While the fanboys of XFS, JFS, ZFS may promise that their filesystems are faster, had no problems, secure and will not eat your data, it simply is not as proven as ext2 and ext3.
Scream fanboys scream, someone will listen, but the problem is that these filesystems are not proven in the field, or in some circumstances even in the kernel itself.
With a block size of 32 kB (64 kB is expected to be supported soonish) the 48-bit numbers will take you 1 byte over the maximum file size that apps can support. There is no UNIX-like OS that lets an app handle files bigger than 2**63.
We'll need to adjust other things if filesystems ever get so huge. The whole design probably needs a rethink, but we can't do it now. We don't know what the future holds in terms of seek times, transfer rates, sector sizes, etc.
Reiser4 will never be declared stable in the Linux kernel because Hans Reiser refuses to make his code conformant to kernel coding standards. There has been long and wearying discussion of this on the LKML.
Though this may be needed in some rare applications, I don't see ext4 as something needed in the near future. As I understand, the larger the max partition&file size, the more space indexes will need (not to mention that speed will probably drop).
For example, if we have 20-bit indexes (2^20 clusters max) and use 4-kilobyte clusters, to increase the maximum space we'll either have to add one bit to the indexes to double the maximum space or we'll have to increase the cluster size and have problems storing small files (remember the FAT16->FAT32 transition?)
ext4 is thousands larger than ext3, which will probably mean that indexes will need a lot more space, which will be bad for 8TB volumes (and besides, noone would notice any benefits!)
In ext4 they should get rid of some legacy stuff to foster development and usage of new technologies. The users of legacy technologies could still use ext3 and it would be very nice for ext4 users. I'm talking mostly about dropping support for the old style octal file access permissions system and bolting the ACL system as the default and enabling the metadata features by default.
The fact that nothing pressurises ever the distribution builders into using anything new has lead to majorly slowed down development of Linux.

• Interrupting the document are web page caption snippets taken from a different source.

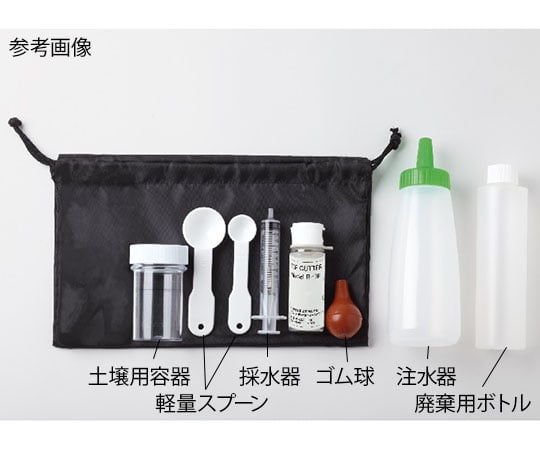 土壤容器 3個 及其他 SSHAIKIYOUBOTORU 和更多型號 - 商品圖 2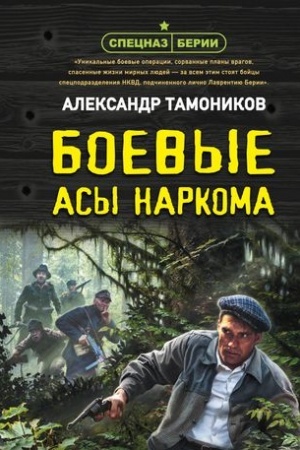 Cover: Boevye asy narkoma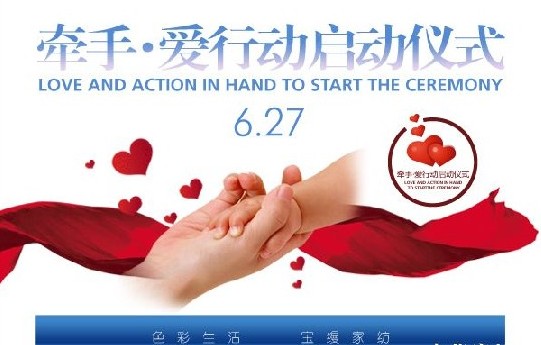 寶縵家紡情牽紅十字會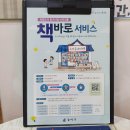 송정작은도서관 이미지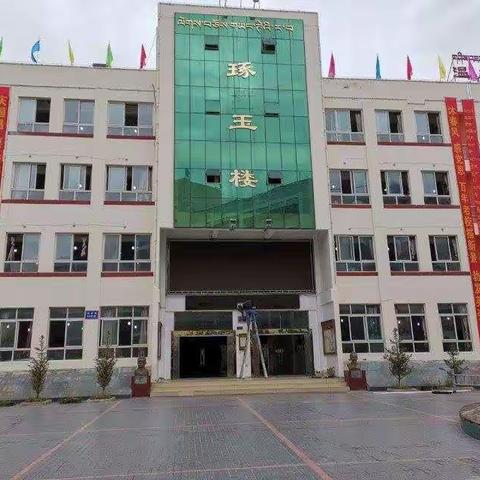 白玉县城区第一完全小学《敬畏自然，珍爱生命》 升旗仪式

Who cares? Linux has more than its fair share of filesystems, including XFS. I'm still wondering why XFS isnt used universally on desktop and server Linux installations everywhere. Is the ext2/3 just 'traditional'?
"Give orange me give eat orange me eat orange give me eat orange give me you." -Nim Chimpsky
"ZFS is an exotic beast with a totally ridiculous maximum capacity and tons of advanced of features that do not exist in any other Unix filesystem, but are only useful for Big Iron."
Actually, except for his highly advanced algorithms, ZFS code is very small and simple, and on top of that, ZFS is really nice in small desktop deployments, where his "big iron" features give him the ability to detect and automatically correct garbage being delivered by that cheap SATA drive.
In fact, having been ported (compiles, doesn't yet run) to Linux and in process of being ported to OS X, and FreeBSD, ZFS is on a pretty good track to becoming ubiquitous... which would be the exact opposite of exotic.
There are or were a few quirks.
/boot, you could corrupt XFS.
First off the bat: you can't install the bootloader in a XFS partition since XFS uses the first 512 byte block on the partition. Of course, most people install the bootloader in the MBR but for some it's an issue.
GRUB had a bug with XFS. When you tried to use a XFS partition as
For a considerable period of time, ext3's code was more stable than XFS.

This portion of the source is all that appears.